▶ [AIM OF THE EXERCISE] Pictures are not part of the answer. Write out exactly the lines from the one containing "DELL NVIDIA ConnectX-6" through the end of the material below.
*** Block opens ***
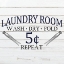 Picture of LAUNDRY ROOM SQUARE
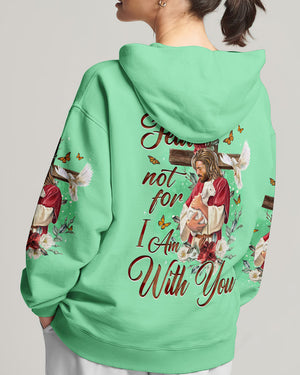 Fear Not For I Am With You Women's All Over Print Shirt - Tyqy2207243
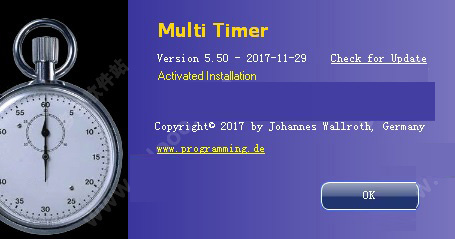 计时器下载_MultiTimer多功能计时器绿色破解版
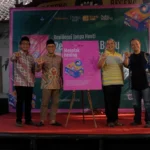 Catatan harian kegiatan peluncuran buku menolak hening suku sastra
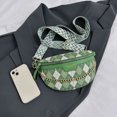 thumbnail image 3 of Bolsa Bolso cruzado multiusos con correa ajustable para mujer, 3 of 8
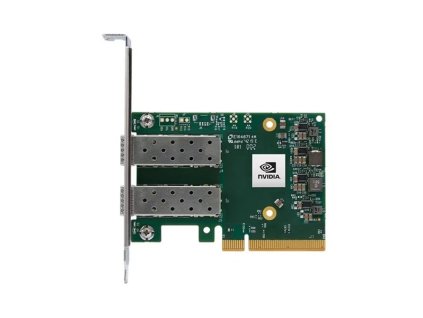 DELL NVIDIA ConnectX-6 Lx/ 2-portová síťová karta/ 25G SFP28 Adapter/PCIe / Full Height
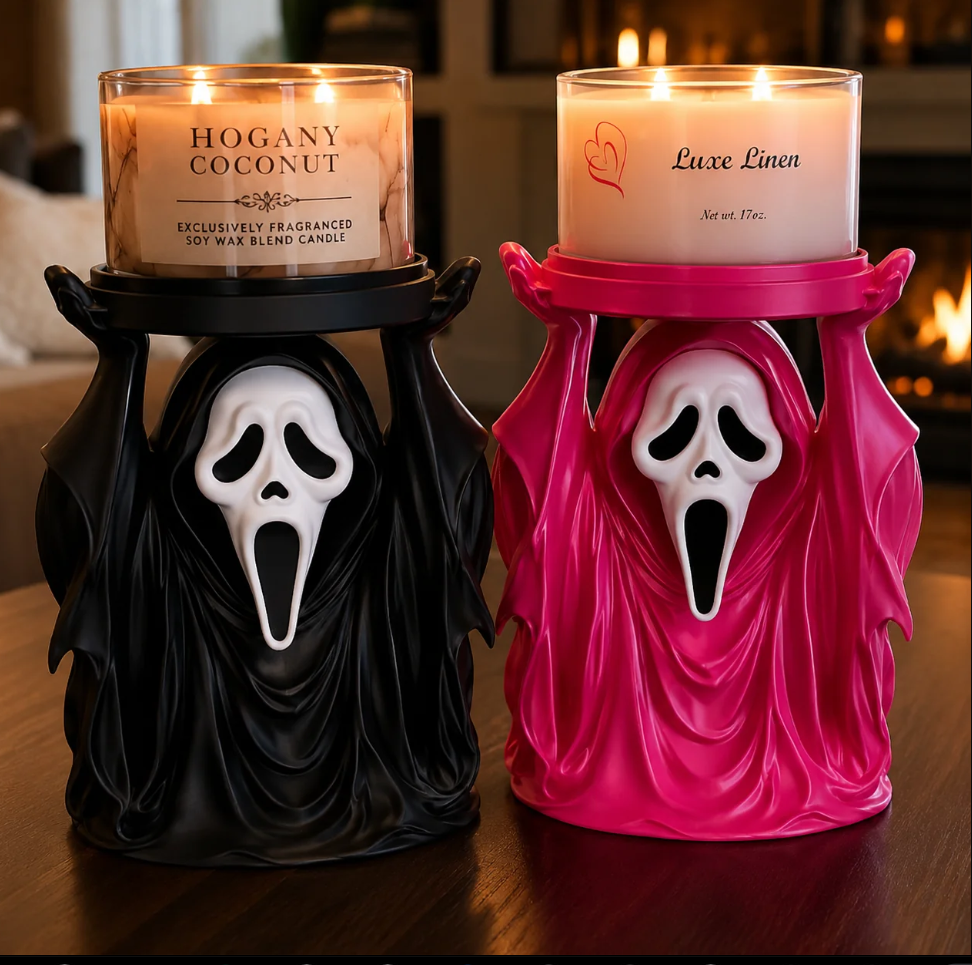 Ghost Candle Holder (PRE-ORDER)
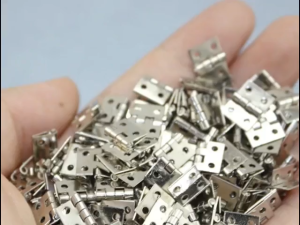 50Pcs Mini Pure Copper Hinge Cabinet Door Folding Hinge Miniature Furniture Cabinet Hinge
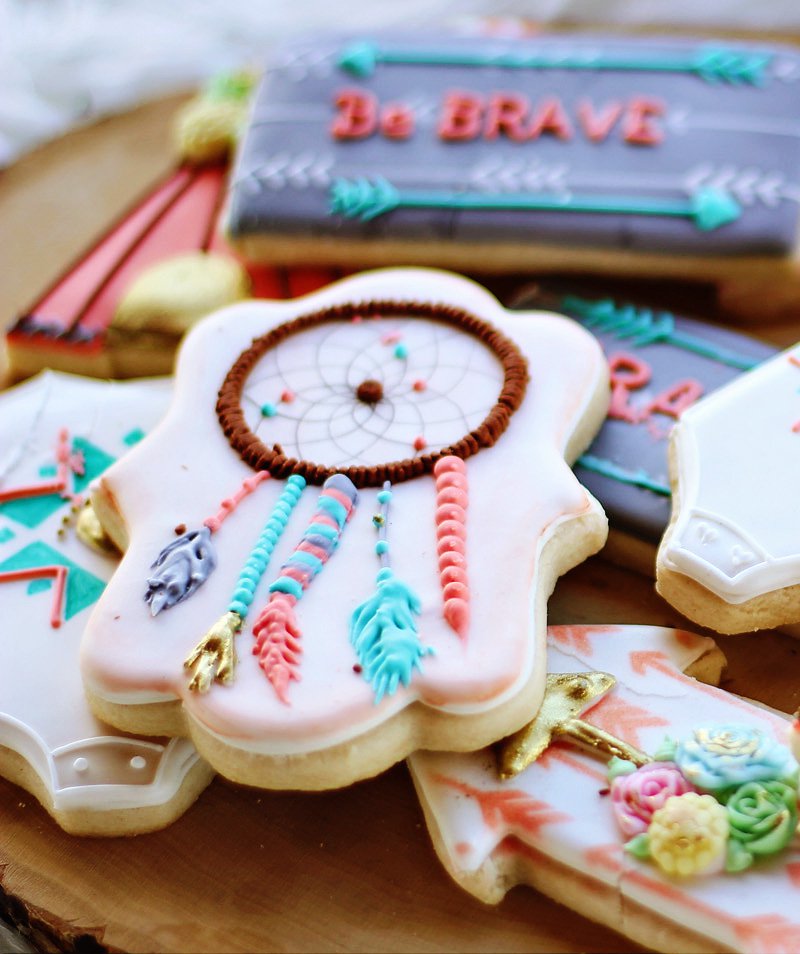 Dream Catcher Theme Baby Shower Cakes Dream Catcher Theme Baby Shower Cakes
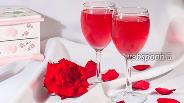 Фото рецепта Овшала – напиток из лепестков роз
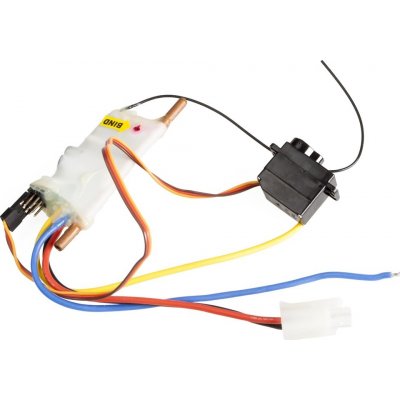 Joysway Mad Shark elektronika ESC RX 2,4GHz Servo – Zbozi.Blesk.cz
*** Block closes ***
▶ [SOLVED PROBLEM]
 DELL NVIDIA ConnectX-6 Lx/ 2-portová síťová karta/ 25G SFP28 Adapter/PCIe / Full Height
 Ghost Candle Holder (PRE-ORDER)
 50Pcs Mini Pure Copper Hinge Cabinet Door Folding Hinge Miniature Furniture Cabinet Hinge
 Dream Catcher Theme Baby Shower Cakes Dream Catcher Theme Baby Shower Cakes
 Фото рецепта Овшала – напиток из лепестков роз
 Joysway Mad Shark elektronika ESC RX 2,4GHz Servo – Zbozi.Blesk.cz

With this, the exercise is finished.